Short text fragments from websites:
=-=-=-=-=

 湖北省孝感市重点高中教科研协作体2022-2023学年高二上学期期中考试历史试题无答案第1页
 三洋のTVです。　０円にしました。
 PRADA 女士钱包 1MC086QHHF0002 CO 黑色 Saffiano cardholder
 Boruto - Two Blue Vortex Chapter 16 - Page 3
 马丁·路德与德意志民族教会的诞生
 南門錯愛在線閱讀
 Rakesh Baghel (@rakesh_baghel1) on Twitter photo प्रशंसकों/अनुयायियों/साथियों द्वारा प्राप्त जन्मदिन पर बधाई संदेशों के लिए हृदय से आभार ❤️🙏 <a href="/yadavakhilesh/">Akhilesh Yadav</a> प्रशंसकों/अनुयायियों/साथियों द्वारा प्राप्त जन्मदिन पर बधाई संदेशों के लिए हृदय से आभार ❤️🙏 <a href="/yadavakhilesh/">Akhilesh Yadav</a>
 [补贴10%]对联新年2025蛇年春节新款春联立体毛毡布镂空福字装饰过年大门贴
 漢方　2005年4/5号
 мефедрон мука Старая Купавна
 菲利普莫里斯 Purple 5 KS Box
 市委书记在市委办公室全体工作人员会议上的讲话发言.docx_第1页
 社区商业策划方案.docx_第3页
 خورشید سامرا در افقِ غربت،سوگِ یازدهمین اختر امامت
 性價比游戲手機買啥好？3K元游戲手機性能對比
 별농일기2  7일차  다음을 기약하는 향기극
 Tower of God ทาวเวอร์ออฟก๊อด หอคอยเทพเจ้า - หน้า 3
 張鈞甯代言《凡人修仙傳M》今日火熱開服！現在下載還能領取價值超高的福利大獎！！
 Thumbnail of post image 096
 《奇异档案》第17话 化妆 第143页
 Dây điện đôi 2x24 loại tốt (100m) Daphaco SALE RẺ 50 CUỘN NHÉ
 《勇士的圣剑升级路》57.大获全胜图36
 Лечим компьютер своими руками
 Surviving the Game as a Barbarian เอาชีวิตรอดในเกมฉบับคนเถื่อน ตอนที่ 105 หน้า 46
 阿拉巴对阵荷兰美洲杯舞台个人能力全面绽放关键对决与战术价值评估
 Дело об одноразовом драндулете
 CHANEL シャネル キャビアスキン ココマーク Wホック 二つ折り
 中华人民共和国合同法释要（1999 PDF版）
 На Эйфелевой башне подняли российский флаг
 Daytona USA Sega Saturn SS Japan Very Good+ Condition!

=-=-=-=-=

## TASK BRIEF
Print exactly the lines between the line with "Дело об одноразовом драндулете" and the final line of the records above, both included.

## TASK SOLUTION
 Дело об одноразовом драндулете
 CHANEL シャネル キャビアスキン ココマーク Wホック 二つ折り
 中华人民共和国合同法释要（1999 PDF版）
 На Эйфелевой башне подняли российский флаг
 Daytona USA Sega Saturn SS Japan Very Good+ Condition!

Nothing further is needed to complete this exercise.